• [Work instruction]: Every line of the material is to be returned verbatim. Pictures stay out.

• [Information shown]:
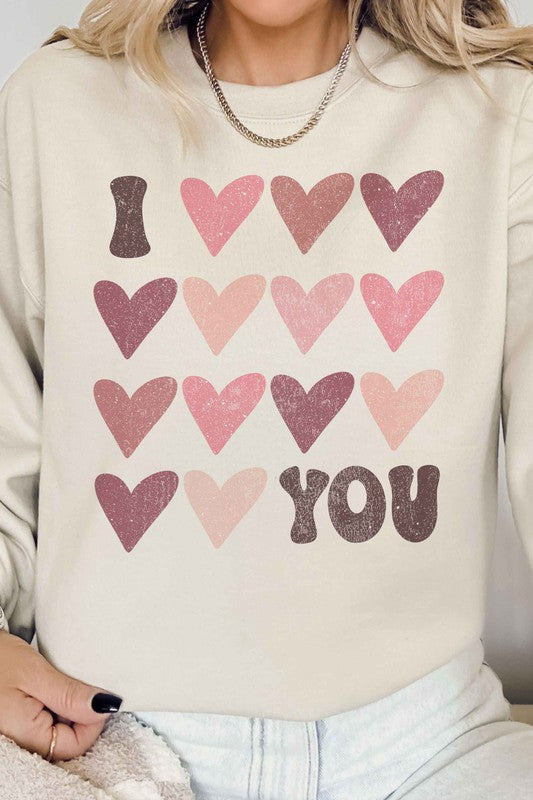I Love You Valentine Graphic Sweatshirt, Long Sleeve Premium Cotton- base color natural with I love you - heart graphic -front view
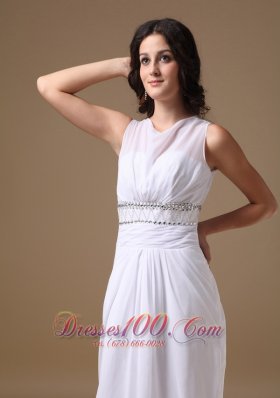 Scoop Beading Brush Train Wedding Dress Chiffon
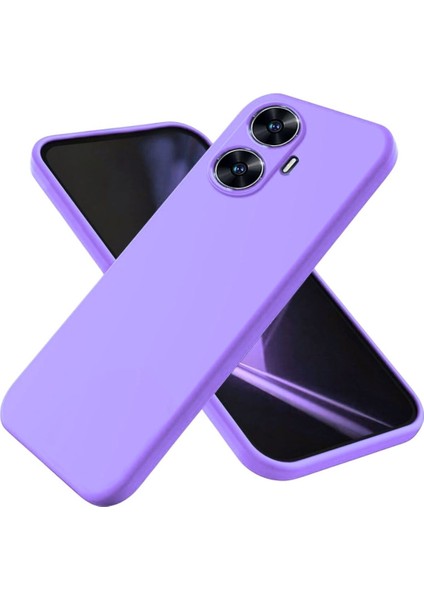 Realme C55 Uyumlu Silikon Kılıf - Kamera Korumalı Esnek Pastel Renk Kapak - Lila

• [Output]:
I Love You Valentine Graphic Sweatshirt, Long Sleeve Premium Cotton- base color natural with I love you - heart graphic -front view
 Scoop Beading Brush Train Wedding Dress Chiffon
 Realme C55 Uyumlu Silikon Kılıf - Kamera Korumalı Esnek Pastel Renk Kapak - Lila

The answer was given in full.